そこで行われたKantar MillwardBrownのアプローチは、消費者の脳波を測る、最新の神経科学技術を使ったものでした。

バンゴー大学の実験心理学センターの科学者と協力し、現代の病院で使用されているスキャニング技術から得られたプロセスで対象者を捉えるため、医療で使われるスキャナーを利用したのです。
彼らは同じ内容を、オンラインでのバーチャル広告と、紙面に印刷した物理的に存在する広告とに分けて測定しました。消費者の脳のさまざまな領域でその広告に対して行われる活動を測定し、広告に込められたメッセージの脳内での処理が、使用されたメディアによってどれぐらい違いを生むのかを評価測定しました。

この結果は、驚くほど単純でした。
物理的に存在するDMは、バーチャルなものよりもはるかに深い感情レベルでの影響を脳に引き起こしていたのです。これは、有形物が人の記憶に埋め込まれる可能性が高く、より多くの感情を生み出すため、より積極的なブランドとのつながりを引き起こす可能性が高いことを示しています。

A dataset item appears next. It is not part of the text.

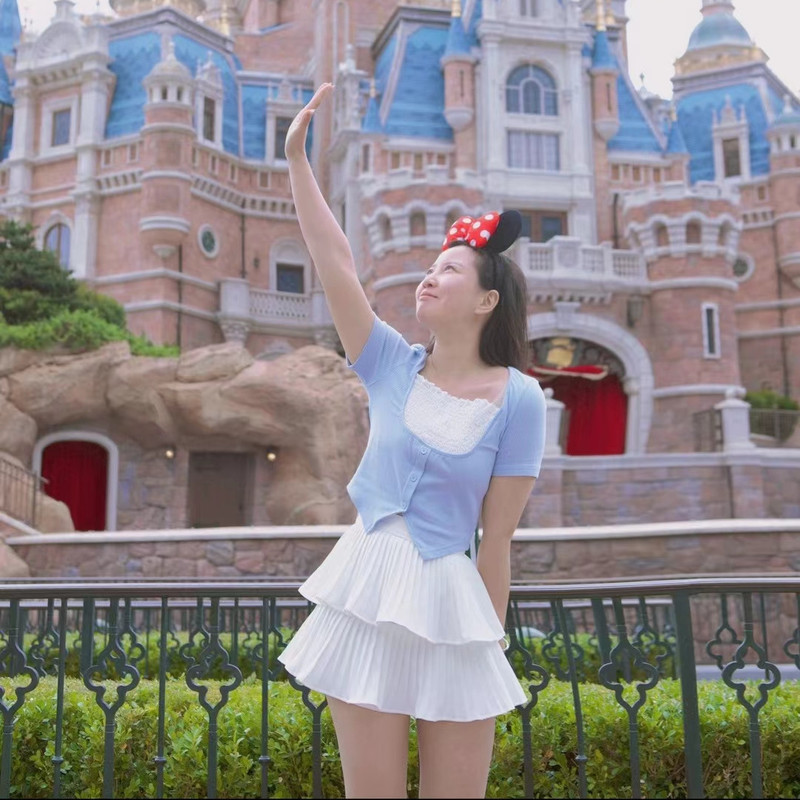 李李李梓沫啊的主播海报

これらの結果は、Royal Mail社にとって大変良いニュースでした。彼らはKantar MillwardBrownの新しいプロモーションとして「デジタル時代のDM」についての研究を行いました。これは、この新しいデジタル時代において、ネットでのアプローチにダイレクトメールを組み合わせる効果の大きさを主張しました。

インターネット広告は、ブランドと消費者が1対1でより密接につながることができるのは明らかです。そして消費者はブランドとの関わりを楽しむこともできます。しかし、この調査結果によると、マーケターはまだ、ダイレクトメールの効果を見直す必要があると言えます。ダイレクトメールは、時代遅れとは言えないのでは?!